(ASSIGNMENT) Copy the records below verbatim, from the first line through the line containing "Various/THE BIG FREEZE VOL. 1 DCD", inclusive, and output nothing else.

(DATA LISTING)
--------
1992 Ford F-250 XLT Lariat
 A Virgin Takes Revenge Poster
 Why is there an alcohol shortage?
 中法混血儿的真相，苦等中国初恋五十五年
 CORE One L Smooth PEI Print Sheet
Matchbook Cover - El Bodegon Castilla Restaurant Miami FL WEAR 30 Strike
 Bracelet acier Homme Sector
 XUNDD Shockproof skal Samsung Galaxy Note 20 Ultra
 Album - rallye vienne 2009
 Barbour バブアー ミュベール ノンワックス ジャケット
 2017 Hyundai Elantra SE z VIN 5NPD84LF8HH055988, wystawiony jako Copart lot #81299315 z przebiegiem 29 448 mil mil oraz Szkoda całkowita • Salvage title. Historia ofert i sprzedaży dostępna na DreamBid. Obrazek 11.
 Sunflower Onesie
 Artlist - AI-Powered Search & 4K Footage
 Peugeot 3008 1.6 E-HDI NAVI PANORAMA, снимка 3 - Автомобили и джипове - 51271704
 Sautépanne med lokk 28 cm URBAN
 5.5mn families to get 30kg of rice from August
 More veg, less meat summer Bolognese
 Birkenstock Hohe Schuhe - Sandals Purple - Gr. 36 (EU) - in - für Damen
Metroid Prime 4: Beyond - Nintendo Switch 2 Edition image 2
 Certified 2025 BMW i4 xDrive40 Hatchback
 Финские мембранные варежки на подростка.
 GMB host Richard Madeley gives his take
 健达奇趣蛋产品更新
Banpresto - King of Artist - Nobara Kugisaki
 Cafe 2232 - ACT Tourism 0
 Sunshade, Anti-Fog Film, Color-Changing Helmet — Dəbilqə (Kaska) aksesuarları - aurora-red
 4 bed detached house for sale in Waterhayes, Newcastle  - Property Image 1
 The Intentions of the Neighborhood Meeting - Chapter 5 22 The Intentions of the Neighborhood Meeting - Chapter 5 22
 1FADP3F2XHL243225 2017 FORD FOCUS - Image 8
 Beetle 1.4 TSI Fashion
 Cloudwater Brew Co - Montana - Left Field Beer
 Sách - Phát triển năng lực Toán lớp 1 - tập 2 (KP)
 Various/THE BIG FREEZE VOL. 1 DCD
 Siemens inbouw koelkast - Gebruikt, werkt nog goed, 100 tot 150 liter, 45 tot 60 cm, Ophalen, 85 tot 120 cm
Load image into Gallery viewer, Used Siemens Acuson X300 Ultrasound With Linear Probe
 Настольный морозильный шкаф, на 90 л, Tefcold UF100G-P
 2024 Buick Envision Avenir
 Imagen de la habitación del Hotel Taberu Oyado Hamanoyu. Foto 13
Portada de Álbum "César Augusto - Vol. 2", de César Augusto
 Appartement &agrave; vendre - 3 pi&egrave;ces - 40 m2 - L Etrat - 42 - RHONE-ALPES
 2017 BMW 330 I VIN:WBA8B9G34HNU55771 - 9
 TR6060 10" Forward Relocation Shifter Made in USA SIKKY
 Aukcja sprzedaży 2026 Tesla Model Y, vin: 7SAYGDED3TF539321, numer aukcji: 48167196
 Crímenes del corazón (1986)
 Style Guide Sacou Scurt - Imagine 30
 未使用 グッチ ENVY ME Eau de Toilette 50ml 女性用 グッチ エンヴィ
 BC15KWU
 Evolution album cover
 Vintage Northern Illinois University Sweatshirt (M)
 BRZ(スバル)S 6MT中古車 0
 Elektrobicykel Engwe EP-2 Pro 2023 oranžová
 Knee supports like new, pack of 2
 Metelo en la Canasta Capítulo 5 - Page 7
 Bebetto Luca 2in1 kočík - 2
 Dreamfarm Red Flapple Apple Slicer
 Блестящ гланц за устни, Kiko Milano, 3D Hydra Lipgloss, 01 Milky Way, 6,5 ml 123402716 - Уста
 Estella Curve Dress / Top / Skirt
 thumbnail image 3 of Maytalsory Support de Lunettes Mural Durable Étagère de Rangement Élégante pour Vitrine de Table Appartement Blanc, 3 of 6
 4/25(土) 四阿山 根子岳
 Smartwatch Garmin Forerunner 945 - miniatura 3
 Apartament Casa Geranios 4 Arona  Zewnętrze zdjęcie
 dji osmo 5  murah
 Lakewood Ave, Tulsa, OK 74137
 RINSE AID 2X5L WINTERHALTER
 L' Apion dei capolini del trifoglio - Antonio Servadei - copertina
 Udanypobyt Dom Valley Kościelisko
--------
(EXERCISE SOLUTION)
1992 Ford F-250 XLT Lariat
 A Virgin Takes Revenge Poster
 Why is there an alcohol shortage?
 中法混血儿的真相，苦等中国初恋五十五年
 CORE One L Smooth PEI Print Sheet
Matchbook Cover - El Bodegon Castilla Restaurant Miami FL WEAR 30 Strike
 Bracelet acier Homme Sector
 XUNDD Shockproof skal Samsung Galaxy Note 20 Ultra
 Album - rallye vienne 2009
 Barbour バブアー ミュベール ノンワックス ジャケット
 2017 Hyundai Elantra SE z VIN 5NPD84LF8HH055988, wystawiony jako Copart lot #81299315 z przebiegiem 29 448 mil mil oraz Szkoda całkowita • Salvage title. Historia ofert i sprzedaży dostępna na DreamBid. Obrazek 11.
 Sunflower Onesie
 Artlist - AI-Powered Search & 4K Footage
 Peugeot 3008 1.6 E-HDI NAVI PANORAMA, снимка 3 - Автомобили и джипове - 51271704
 Sautépanne med lokk 28 cm URBAN
 5.5mn families to get 30kg of rice from August
 More veg, less meat summer Bolognese
 Birkenstock Hohe Schuhe - Sandals Purple - Gr. 36 (EU) - in - für Damen
Metroid Prime 4: Beyond - Nintendo Switch 2 Edition image 2
 Certified 2025 BMW i4 xDrive40 Hatchback
 Финские мембранные варежки на подростка.
 GMB host Richard Madeley gives his take
 健达奇趣蛋产品更新
Banpresto - King of Artist - Nobara Kugisaki
 Cafe 2232 - ACT Tourism 0
 Sunshade, Anti-Fog Film, Color-Changing Helmet — Dəbilqə (Kaska) aksesuarları - aurora-red
 4 bed detached house for sale in Waterhayes, Newcastle  - Property Image 1
 The Intentions of the Neighborhood Meeting - Chapter 5 22 The Intentions of the Neighborhood Meeting - Chapter 5 22
 1FADP3F2XHL243225 2017 FORD FOCUS - Image 8
 Beetle 1.4 TSI Fashion
 Cloudwater Brew Co - Montana - Left Field Beer
 Sách - Phát triển năng lực Toán lớp 1 - tập 2 (KP)
 Various/THE BIG FREEZE VOL. 1 DCD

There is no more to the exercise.